Nos enseñaron de pequeños que la Policía siempre se lleva detenidos a los malos y que los jueces son unos señores muy serios y muy justos, que aplican escrupulosamente los santos preceptos de la ley. Con estas sólidas creencias navegamos seguros por la vida, guiados por la reconfortante certeza de saber quiénes eran los héroes y quiénes eran los villanos de la película.

Vivíamos tranquilos e ingenuos en ese mundo perfecto, hasta que hace unos años las fuerzas del orden tuvieron la desgracia de descubrir una complicada y sórdida red de financiación ilegal en el primer partido político de España: el PP. A partir de ahí, nuestro plácido universo se derrumbó estrepitosamente y las seguridades saltaron en mil pedazos. Empezaba así una gigantesca operación política y mediática, destinada a confundir los papeles de la función y a difuminar hasta la desaparición la delgada línea que separa el bien del mal.

Enfrentado a asuntos del calibre del caso Bárcenas, la Gürtel o el saqueo de Caja Madrid, el PP tenía que optar entre dos salidas. La primera consistía básicamente en admitir las culpas y depurar responsabilidades, sacando del partido y de sus cargos públicos a aquellas personas que guardaban alguna relación con estos procesos de corrupción. La segunda salida era mucho más cómoda y pasaba por echarle directamente las culpas al árbitro; o lo que es lo mismo, por cuestionar la acción de la Policía y de los jueces.

Como era de esperar, los populares optaron por esta última vía, protagonizando un arriesgado ejercicio de negación de la realidad, que al final se ha saldado con un éxito rotundo: escándalos que en un país normal harían temblar las estructuras políticas, se han convertido aquí en un inofensivo «runrún» mediático cuyos daños están perfectamente controlados.

El resultado de esta doctrina es un terreno de juego político totalmente embarrado, del que empieza a desaparecer cualquier resto de ética. Nos escandalizaríamos si un butronero detenido tras asaltar 20 fábricas criticara los métodos de la Guardia Civil y en cambio, nos parece absolutamente normal que un alcalde, al que un constructor le ha regalado un piso de 200 metros a cambio de una recalificación de terrenos, convoque una rueda de prensa arremetiendo contra la Policía y los jueces, acusándolos de actuar como los instrumentos de un estado totalitario. Un rosario de magistrados expedientados y de agentes de la ley apartados de sus investigaciones ratifica el rotundo triunfo de aquel viejo que axioma que señala que la mejor defensa es un buen ataque.

En medio de este panorama, a nadie debería extrañarle que Esperanza Aguirre haya iniciado una cruzada contra los guardias que la multaron por aparcar en un carril bus y que después, la persiguieron por darse a la fuga por las calles de Madrid. La expresidenta madrileña se ha limitado a aplicar la política oficial de su partido en estos temas y no quiere ser menos que los diputados imputados que abarrotan las Cortes Valencianas o que los directivos populares agraciados en el reparto de sobres de dinero negro.

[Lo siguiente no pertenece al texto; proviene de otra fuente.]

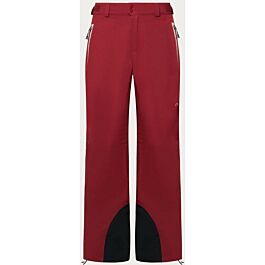 soonerorlater sol fuc ベルト fti punkandyo Oakley Kendal RC Pant Men's- Iron Red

Tal vez por eso, la veterana política parece sorprendida por el hecho indignante de que los agentes que la sancionaron no estén ya en la cárcel, acusados de un delito de retención ilegal y de chulerías machistas varias sobre una venerable anciana, que sólo quería sacar dinero de un cajero automático.

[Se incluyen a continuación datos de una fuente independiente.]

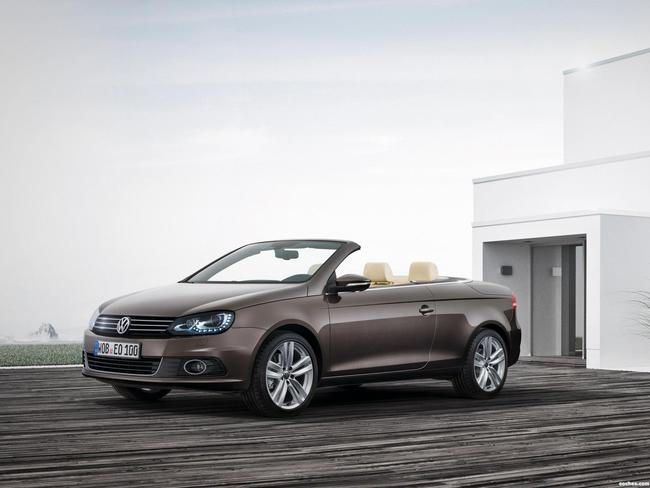 Volkswagen Eos 2010 R9 650x488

Las causas últimas de este tipo de situaciones van mucho más allá de las meras rentabilidades del corto plazo político. Estamos ante un intento serio y perfectamente planificado para conseguir un estado de impunidad permanente para todos aquellos privilegiados que viven instalados en las cercanías del poder. Estamos ante los primeros pasos de la institucionalización de dos versiones distintas de la ley: una ley dura, estricta y ejemplar destinada a los pringados ciudadanos de a pie y otra llena de trampas y de vías de escape, de la que podrán disfrutar en exclusiva los que hayan tenido la suerte de colocarse como políticos.